Zweiseitige Differenzverträge
Ein Schwerpunkt der Richtlinie liegt auf der Einführung sogenannter zweiseitiger Differenzverträge – auf Englisch Contracts for Difference (CfDs). Dabei handelt es um eine Ausweitung des aktuell angewendeten Marktprämienmodells, bei der neben der Absicherung des Strompreises nach unten auch eine Abschöpfung bei überhöhten Börsenstrompreisen eingeführt wird. Dadurch soll einerseits Investitionssicherheit erhalten bleiben und gleichzeitig sollen übermäßige Schwankungen an der Strombörse verhindert werden, wie sie zum Ende des Jahres 2022 zu beobachten waren. Eingeführt werden soll dieses neue Preismodell unter anderem für neu installierte Anlagen im Bereich Wind- und Wasserkraft, Solar und Geothermie, sowie ggf. für Anlagen im Repowering. Die Mitgliedsstaaten müssen CfDs oder Preissysteme mit der gleichen Wirkung bis spätestens drei Jahre nach Inkrafttreten der EU-Richtlinie einführen. Für die nationalen Gesetzgeber besteht dabei ein Handlungsspielraum bei der Frage, ob kleinere Erneuerbare-Energien (EE)-Anlagen ausgeschlossen werden.
Private Stromverträge
Mit sogenannten Power Purchase Agreements (PPA) – bei denen es sich um private Stromverträge handelt – will die EU noch eine weitere Vertriebsart vorantreiben. Diese Form der Stromabnahme wird aktuell vor allem von Industrieunternehmen und anderen großen Stromverbrauchenden verwendet, soll zukünftig aber auch kleineren Abnehmenden zugänglich gemacht werden. Dafür enthält die Richtlinie einen Aufruf zur Entwicklung standardisierter Verträge. In diesem Zusammenhang ist wichtig zu wissen, dass es Stromabnehmenden ermöglicht werden soll, mehr als einen Stromliefervertrag abzuschließen.
Energy Sharing
Darüber hinaus wird durch die Strommarktreform ein eigener Artikel zum Energy Sharing eingeführt. Dies soll Energiegenossenschaften und anderen kleinen und mittelständischen Unternehmen und Haushalten – den sogenannten aktiven Kund:innen – ermöglichen, den Strom aus ihren eigenen EE-Anlagen über das öffentliche Netz miteinander zu teilen. Absehbar ist darüber hinaus allerdings, dass auch größere Marktakteure die Möglichkeit zur Teilnahme erhalten können. Diese können dann aber den Strom aus Erzeugungsanlagen nur bis zu einer Gesamtleistung von 6 MW einbinden. Die Anlagen können dabei sowohl im Eigentum der aktiven Kund:innenen liegen als auch von Dritten gemietet werden. Für Abrechnungs- und Kommunikationszwecke und das Management der flexiblen Stromlasten kann auf ein externes Dienstleistungsunternehmen (sog. Energy Sharing-Organisator) zurückgegriffen werden. Teilnehmende Einzelhaushalte mit einer installierten Leistung von bis zu 10,8 kW (optional bis zu 30 kW) und Mehrfamilien mit bis zu 50 kW (optional bis zu 100 kW) werden sogar komplett von Versorgerpflichten befreit. Die Umsetzung eines geeigneten IT-Systems wird den Netzbetreibenden auferlegt. Innerhalt von 24 Monaten nach Inkrafttreten kann die Regelung in nationales Recht überführt werden. Bei der genauen Ausgestaltung einiger Details wie dem geografischen Rahmen und der Gestaltung der Netzentgelte besteht ein Spielraum für den deutschen Gesetzgeber.

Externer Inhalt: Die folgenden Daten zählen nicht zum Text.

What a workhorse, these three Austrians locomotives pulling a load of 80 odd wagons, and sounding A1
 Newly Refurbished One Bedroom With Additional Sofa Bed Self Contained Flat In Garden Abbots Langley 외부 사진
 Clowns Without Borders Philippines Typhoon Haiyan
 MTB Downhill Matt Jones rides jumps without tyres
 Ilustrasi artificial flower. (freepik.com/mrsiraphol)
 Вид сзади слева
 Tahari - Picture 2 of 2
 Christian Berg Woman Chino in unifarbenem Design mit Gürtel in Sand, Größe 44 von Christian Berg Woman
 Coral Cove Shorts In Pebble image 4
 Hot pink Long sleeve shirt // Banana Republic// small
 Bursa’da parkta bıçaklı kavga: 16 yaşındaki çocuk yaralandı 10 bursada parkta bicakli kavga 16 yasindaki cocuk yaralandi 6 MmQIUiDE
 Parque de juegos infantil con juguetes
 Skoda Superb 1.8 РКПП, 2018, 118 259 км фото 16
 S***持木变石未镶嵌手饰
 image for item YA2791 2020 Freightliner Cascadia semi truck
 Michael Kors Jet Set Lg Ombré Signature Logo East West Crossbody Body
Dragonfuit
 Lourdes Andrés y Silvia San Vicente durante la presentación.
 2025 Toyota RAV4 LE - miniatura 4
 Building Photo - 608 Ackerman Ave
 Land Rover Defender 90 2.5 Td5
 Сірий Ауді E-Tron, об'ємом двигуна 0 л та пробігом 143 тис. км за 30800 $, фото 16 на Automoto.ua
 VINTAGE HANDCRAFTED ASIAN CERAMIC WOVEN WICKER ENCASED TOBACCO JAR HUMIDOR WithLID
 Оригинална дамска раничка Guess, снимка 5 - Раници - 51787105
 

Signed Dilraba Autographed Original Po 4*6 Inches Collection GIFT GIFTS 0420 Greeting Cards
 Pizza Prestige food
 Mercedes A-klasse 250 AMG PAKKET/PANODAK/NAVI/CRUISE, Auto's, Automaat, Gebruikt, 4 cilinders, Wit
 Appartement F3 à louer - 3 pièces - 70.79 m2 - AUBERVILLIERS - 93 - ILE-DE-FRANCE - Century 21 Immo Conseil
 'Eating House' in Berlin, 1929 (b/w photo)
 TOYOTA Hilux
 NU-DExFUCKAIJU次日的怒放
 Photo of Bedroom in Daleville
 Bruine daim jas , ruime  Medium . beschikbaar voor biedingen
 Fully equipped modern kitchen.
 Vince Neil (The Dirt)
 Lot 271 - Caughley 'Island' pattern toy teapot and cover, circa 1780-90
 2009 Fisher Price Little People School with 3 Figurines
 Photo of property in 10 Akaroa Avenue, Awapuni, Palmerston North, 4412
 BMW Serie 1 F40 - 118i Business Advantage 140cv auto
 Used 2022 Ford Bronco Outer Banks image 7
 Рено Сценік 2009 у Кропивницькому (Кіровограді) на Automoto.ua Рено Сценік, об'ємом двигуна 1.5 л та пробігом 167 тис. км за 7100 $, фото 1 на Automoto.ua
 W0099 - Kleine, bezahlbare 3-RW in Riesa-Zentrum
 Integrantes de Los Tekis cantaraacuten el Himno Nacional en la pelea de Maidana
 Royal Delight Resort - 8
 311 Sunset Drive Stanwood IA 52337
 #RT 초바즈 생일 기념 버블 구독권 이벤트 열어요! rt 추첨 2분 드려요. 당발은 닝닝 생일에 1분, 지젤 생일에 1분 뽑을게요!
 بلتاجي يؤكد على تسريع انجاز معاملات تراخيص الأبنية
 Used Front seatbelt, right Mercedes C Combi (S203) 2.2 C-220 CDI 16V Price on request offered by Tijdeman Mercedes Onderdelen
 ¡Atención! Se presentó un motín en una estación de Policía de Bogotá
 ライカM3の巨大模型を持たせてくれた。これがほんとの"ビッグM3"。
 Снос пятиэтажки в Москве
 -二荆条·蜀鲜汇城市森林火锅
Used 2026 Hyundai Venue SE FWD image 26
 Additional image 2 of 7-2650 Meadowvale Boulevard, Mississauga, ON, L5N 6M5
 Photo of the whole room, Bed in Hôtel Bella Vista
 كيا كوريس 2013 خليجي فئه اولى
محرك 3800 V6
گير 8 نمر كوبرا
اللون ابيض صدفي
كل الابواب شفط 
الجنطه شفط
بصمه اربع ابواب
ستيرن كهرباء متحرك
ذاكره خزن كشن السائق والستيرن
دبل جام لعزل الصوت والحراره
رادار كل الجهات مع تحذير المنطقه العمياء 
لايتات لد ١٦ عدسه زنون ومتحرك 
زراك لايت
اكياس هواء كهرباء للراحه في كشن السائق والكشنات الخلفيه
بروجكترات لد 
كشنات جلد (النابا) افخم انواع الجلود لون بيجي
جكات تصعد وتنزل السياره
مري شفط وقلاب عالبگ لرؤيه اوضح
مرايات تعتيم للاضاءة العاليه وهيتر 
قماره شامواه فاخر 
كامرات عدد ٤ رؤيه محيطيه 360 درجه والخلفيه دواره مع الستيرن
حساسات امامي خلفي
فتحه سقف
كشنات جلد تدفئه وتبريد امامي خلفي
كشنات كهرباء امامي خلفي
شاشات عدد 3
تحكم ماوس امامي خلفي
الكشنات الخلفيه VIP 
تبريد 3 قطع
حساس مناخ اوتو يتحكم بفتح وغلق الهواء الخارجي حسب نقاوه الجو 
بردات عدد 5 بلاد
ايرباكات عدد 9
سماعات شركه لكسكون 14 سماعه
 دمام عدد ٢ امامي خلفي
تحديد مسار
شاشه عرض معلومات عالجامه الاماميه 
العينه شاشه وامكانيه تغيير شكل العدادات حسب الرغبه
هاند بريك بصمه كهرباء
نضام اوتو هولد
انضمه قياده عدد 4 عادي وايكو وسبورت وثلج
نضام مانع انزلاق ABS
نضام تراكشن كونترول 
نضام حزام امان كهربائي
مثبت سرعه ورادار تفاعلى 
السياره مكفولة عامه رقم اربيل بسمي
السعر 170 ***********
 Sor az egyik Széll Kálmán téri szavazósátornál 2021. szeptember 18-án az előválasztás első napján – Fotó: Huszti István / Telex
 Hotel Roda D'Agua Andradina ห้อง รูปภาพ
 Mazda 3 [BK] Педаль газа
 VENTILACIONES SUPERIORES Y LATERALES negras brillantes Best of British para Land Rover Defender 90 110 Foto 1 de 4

Als Bundesgeschäftsstelle Energiegenossenschaften beim DGRV haben wir uns gemeinsam mit unseren europäischen Partnerorganisationen aktiv in den Prozess eingebracht. Bereits seit längerem setzen wir uns für die Einführung von Energy Sharing in Deutschland ein und begrüßen daher die Festlegung auf europäischer Ebene. Unter anderem haben wir uns im Rahmen des europäischen Gesetzgebungsprozesses für eine Streichung der Regel ausgesprochen haben, dass Dritte und große Unternehmen ebenfalls Energy Sharing durchführen dürfen. Weiterhin werden wir den Prozess bis zur formellen Verabschiedung sowie die Umsetzung der Richtlinie in nationales Recht eng verfolgen und uns dabei für die Interessen der Energiegenossenschaften einsetzen.